The word on the American street is that it will be Judith McHale, former President and CEO of Discovery Communications, Inc., and a close FOH (friend of Hillary). An online biography http://www.shemadeit.org/meet/biography.aspx?m=107 emphasizes her rise to the top as one of the most prominent female television executives in managing global media brands:
Judith McHale oversaw the worldwide expansion of the Discovery brand and image to 1.4 billion subscribers in more than 170 countries and territories. This unqualified success followed her years at the early days of MTV Networks, where she oversaw all legal aspects of their early brands and earned a reputation as a savvy dealmaker.
James Glassman departed in mid-January after 225 days in office. Karen Hughes departed for Austin, Texas in December 2007. We probably can't even recall Margaret Tutwiler's six months in office before her leap to the corporate sector. Last I checked she was head of communications for Merrill Lynch & Co.
The most famous brand champion was the much-ballyhooed Charlotte Beers. An advertising legend on Madison Avenue, Beers gave a prominent face to the public diplomacy sector. She called America a most elegant brand and tried mightily to reposition Brand America as a peace-loving nation that had no gripe with the religion of Islam or Muslims in general, just radical Islamists who attack America or its interests abroad. Her Shared Values advert campaign (now available on YouTube) broadcast how well Muslim Americans were treated in the United States. Shared Values was rolled out during Ramadan 2002 and just months before the U.S. invaded its second Muslim country in an 18-month period. Not good timing, to say the least.
This past Sunday, President Obama finished his latest TV appearance (is a talk show next?) in which he had this interesting tête-à-tête with Steve Kroft, his favorite go-to guy from 60 Minutes, now known as 44 Minutes with the American president and Andy Rooney. Watch it now: http://www.cbsnews.com/video/watch/?id=4883166n
KROFT: A week ago Vice President Cheney said essentially that your willingness to shut down Guantanamo and to change the way prisoners are treated and interrogated was making America weaker and more vulnerable to another attack. And that the interrogation techniques that were used at Guantanamo were essential in preventing another attack against the United States.
OBAMA: I fundamentally disagree with Dick Cheney. Not surprisingly. You know, I think that Vice President Cheney has been at the head of a movement whose notion is somehow that we can't reconcile our core values, our Constitution, our belief that we don't torture, with our national security interests. I think he's drawing the wrong lesson from history. The facts don't bear him out. I think that attitude, that philosophy has done incredible damage to our image and position in the world.
In that last sentence the President is stating the obvious about America's standing in the world. Our image is damaged, our standing in the world is lower, and Obama's historic win isn't the magic pill to make all things better overseas.
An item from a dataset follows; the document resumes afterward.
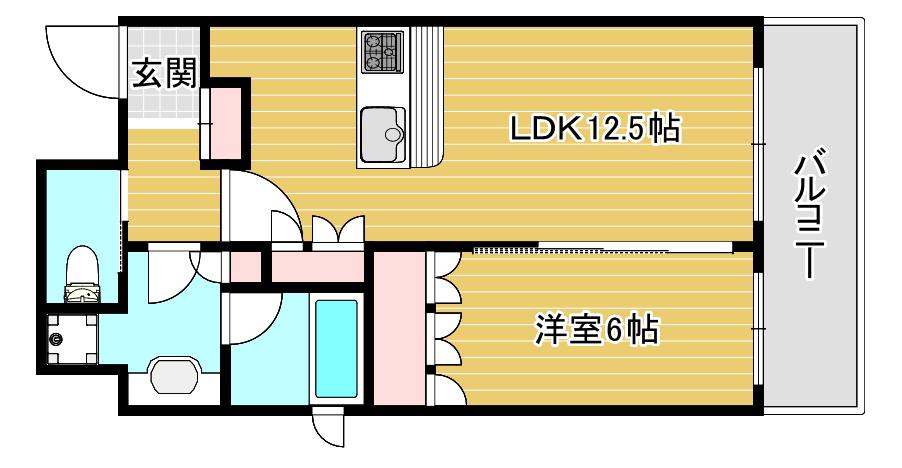 リーガル南船場II(1LDK/9階)の間取り写真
Just yesterday the EU president called Obama's spending frenzy plan to restore the U.S. economy a "way to hell."
We still have no Ministry of American Culture, no Public Diplomacy Chief Executive Officer, and no BBC-equivalent global broadcasting brand, only Dick Cheney to keep chirping about the 'good ole days' and how unsafe we are with a new administration.
That's one American image I'd like to live without.